Problem to work on: Check each line of the material below for "Toyota" and copy those where it appears.

Provided records:
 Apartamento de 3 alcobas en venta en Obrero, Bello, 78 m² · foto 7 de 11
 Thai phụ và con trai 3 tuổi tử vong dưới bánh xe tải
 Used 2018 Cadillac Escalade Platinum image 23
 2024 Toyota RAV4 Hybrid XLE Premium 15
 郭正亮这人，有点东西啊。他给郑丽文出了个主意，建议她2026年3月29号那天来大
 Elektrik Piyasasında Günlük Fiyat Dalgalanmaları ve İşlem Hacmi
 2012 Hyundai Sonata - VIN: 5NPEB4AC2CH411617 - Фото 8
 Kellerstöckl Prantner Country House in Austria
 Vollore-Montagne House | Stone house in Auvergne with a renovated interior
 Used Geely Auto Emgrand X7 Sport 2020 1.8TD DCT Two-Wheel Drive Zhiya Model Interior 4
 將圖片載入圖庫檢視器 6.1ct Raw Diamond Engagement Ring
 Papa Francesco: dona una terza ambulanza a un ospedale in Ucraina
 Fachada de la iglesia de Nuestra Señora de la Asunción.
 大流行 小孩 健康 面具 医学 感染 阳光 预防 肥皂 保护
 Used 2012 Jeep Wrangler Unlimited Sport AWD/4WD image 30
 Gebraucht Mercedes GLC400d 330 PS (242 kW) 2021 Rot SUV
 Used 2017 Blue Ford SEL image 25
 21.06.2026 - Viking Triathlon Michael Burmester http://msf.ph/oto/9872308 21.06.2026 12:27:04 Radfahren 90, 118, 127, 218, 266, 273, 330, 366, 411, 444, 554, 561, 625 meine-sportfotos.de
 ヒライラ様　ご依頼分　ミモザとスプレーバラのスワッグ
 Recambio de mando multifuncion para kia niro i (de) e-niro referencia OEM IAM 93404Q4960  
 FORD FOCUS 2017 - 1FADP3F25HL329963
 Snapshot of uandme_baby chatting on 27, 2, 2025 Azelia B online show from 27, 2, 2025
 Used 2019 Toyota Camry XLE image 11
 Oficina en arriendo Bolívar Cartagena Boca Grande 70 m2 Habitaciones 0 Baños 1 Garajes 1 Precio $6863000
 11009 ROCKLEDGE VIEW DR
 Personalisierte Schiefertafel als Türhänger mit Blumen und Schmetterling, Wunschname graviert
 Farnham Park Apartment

Exercise result:
 2024 Toyota RAV4 Hybrid XLE Premium 15
 Used 2019 Toyota Camry XLE image 11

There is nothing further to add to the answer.